Saturday, June 13, 2015

School's Out!

I'm tired.  I'm really really tired.  I'm the kind of tired that only other teachers understand--when your body, mind, and spirit are all just spent.

You know how it is...you pour your heart, body, and soul into the hearts, bodies, and souls of twenty-five little people and then they leave.  In my case, they leave my building and some I never see again.  It's draining and fulfilling at the same time.  As they students left there were tears...and hugs...and one handshake (not a hugger)...and I can BARELY remember back to the flurry of that first "Meet the Teacher" day back in August where everyone was so nervous and shy and cautious.  The nerves are gone now.  Caution has been thrown to the wind.  And they are all gone now.
The Cambridge Dictionary defines "bittersweet" as "containing a mixture of sadness and happiness"
and I guess that covers a teeny bit of the last day of school, but I think teachers know that the term "bittersweet" is much deeper than that definition.  It's almost like the last 180 days of fun, learning, and relationships built up our teacher hearts just enough so that after this last day, there is enough "extra" to help us survive this round of goodbyes.  It's an emotional cycle that only a teacher can understand.
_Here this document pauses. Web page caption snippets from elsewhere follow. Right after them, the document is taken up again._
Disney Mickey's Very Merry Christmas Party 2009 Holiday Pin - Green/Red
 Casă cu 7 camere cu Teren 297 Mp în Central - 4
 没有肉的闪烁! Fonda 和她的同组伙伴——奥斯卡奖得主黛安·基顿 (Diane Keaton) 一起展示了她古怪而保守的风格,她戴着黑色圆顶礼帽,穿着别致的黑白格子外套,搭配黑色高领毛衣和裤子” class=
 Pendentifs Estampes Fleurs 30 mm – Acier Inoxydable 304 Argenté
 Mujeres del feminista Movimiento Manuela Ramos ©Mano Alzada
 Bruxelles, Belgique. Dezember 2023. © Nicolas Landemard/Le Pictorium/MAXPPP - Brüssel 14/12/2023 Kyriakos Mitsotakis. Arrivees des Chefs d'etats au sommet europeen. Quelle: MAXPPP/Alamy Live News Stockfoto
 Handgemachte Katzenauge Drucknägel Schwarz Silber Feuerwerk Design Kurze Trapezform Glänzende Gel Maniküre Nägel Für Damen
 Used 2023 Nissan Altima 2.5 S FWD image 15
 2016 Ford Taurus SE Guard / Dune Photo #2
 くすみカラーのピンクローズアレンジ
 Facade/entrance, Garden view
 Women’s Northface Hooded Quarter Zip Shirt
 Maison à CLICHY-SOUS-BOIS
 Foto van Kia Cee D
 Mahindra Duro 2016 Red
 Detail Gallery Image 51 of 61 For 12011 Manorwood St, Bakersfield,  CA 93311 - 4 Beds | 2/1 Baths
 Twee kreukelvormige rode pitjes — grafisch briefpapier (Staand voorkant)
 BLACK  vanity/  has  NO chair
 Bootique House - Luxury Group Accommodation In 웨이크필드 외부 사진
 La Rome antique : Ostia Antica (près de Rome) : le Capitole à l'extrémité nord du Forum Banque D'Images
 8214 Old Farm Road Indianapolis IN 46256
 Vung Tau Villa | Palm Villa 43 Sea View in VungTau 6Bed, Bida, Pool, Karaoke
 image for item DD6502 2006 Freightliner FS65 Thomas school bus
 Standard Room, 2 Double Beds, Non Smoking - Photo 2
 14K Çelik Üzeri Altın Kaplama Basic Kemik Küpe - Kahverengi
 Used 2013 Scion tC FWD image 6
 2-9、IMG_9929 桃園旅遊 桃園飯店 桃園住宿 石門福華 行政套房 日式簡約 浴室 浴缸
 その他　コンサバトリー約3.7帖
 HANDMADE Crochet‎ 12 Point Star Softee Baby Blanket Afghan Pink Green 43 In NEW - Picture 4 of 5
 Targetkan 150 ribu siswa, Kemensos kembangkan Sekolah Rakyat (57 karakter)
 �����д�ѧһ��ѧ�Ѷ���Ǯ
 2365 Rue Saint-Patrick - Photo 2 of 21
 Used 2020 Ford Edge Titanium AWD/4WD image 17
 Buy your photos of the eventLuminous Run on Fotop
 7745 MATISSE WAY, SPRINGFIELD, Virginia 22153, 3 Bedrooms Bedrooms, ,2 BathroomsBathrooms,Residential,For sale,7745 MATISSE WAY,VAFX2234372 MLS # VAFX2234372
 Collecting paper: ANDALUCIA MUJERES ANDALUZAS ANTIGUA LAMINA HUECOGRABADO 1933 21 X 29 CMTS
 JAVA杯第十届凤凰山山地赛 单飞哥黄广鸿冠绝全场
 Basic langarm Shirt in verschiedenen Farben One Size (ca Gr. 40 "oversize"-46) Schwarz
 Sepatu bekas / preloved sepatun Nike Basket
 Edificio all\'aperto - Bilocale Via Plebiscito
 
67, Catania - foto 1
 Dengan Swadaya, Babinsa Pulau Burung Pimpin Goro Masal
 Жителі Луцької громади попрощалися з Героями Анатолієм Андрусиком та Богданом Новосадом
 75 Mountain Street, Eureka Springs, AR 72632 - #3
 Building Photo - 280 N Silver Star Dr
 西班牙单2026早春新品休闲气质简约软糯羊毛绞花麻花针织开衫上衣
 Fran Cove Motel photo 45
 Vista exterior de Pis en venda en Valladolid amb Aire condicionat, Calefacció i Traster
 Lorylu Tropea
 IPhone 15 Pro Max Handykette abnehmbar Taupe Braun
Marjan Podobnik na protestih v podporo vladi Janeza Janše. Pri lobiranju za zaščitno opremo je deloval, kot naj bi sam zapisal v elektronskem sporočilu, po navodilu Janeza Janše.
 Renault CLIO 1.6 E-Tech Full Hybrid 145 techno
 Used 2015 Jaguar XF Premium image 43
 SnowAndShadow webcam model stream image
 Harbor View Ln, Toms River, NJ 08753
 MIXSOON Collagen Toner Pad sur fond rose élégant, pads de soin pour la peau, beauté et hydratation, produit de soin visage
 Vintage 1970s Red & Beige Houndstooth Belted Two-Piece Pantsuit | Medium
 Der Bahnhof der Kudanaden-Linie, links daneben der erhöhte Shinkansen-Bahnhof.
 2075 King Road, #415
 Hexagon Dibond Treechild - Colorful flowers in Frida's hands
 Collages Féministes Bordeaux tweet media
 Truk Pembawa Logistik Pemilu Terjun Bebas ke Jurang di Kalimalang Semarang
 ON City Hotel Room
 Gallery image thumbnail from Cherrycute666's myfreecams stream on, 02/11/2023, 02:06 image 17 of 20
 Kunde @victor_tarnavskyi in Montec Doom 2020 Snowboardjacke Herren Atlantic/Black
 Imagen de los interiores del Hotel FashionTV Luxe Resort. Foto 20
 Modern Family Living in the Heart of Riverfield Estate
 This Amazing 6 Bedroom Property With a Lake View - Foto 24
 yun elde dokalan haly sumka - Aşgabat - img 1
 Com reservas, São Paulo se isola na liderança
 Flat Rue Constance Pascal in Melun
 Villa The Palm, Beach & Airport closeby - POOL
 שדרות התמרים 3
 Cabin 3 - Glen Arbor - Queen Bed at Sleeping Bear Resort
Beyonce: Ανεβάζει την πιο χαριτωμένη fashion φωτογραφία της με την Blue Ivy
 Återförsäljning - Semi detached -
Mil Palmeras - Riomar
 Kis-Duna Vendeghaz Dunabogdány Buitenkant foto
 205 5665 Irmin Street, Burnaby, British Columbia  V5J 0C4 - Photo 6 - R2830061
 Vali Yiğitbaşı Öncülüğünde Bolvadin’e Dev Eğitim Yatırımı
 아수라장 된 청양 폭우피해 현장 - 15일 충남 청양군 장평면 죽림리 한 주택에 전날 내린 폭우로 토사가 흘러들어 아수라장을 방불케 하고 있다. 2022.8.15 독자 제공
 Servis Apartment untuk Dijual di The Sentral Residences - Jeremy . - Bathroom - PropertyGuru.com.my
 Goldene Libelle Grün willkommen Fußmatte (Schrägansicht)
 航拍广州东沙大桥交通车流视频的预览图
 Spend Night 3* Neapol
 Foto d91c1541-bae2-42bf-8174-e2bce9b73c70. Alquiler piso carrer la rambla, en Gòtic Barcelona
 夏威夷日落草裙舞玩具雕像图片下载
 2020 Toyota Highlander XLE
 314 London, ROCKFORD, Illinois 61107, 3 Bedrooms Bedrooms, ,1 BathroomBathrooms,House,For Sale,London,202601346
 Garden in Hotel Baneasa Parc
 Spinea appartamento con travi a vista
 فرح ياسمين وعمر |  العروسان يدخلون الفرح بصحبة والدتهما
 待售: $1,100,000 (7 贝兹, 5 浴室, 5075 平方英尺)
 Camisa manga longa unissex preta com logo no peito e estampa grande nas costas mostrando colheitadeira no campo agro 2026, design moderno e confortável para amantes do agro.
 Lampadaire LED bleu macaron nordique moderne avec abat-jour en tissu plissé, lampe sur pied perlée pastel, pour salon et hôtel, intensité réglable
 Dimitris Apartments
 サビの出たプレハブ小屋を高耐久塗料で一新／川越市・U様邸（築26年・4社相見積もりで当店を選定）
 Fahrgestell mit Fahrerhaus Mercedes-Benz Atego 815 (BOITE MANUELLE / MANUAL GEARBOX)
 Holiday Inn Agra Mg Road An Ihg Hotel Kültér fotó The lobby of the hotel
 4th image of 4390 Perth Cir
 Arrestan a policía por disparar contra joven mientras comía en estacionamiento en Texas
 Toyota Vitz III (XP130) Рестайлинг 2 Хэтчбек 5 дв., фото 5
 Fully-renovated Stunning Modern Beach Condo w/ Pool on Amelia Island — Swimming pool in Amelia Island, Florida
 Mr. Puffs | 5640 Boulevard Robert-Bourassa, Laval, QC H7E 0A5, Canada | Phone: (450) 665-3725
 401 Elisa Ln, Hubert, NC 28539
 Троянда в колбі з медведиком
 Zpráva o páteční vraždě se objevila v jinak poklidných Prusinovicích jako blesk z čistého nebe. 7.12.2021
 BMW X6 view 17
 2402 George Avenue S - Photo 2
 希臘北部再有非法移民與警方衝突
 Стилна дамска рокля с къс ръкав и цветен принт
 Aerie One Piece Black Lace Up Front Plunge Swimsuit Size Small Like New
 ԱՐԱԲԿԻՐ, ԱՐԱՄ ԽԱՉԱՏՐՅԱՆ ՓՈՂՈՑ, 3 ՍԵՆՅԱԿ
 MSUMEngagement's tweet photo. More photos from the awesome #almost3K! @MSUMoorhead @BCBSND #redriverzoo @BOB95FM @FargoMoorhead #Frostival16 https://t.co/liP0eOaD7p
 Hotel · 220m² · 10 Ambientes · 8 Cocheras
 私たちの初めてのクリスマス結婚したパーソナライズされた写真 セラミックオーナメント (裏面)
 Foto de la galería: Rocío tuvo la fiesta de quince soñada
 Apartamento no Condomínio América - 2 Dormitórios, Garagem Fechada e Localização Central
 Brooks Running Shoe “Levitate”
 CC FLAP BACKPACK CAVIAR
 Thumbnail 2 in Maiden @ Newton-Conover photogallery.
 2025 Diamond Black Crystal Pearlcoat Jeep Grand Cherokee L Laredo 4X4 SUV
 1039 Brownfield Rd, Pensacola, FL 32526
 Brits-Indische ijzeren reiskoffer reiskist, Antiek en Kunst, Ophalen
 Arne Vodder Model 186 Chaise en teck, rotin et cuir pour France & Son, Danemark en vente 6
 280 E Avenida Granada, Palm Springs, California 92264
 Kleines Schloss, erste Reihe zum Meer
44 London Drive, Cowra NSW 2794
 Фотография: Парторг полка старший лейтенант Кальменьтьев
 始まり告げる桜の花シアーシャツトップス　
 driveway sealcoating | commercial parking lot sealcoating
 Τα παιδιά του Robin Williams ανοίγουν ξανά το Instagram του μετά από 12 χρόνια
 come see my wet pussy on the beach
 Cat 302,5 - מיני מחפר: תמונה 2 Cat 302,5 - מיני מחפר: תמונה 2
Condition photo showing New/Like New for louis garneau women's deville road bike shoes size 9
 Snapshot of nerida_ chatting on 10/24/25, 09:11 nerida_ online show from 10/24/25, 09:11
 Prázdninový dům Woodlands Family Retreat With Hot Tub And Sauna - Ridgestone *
So they leave.  And all the teachers walk back into the school and hardly anyone speaks.  They go back to their classrooms.  Many cry.  But the work is not yet finished.  There is end-of-year checkout to do and paperwork to file and--if you are me--you have THIS to deal with .

This day is where my lousy organizational skills come back to haunt me.  I spend hours trying to get my room all packed up so that I can refresh and start the process all over again.  I've done this 24 times now.  It's exhausting.  It's emotionally draining.  It's who I am.  So each year I give little pieces of my heart and soul to my students and they, in turn, give me a little piece of theirs.  For those of you who are finished...enjoy this time to recover and refresh.  For those of you still teaching...savor every last minute.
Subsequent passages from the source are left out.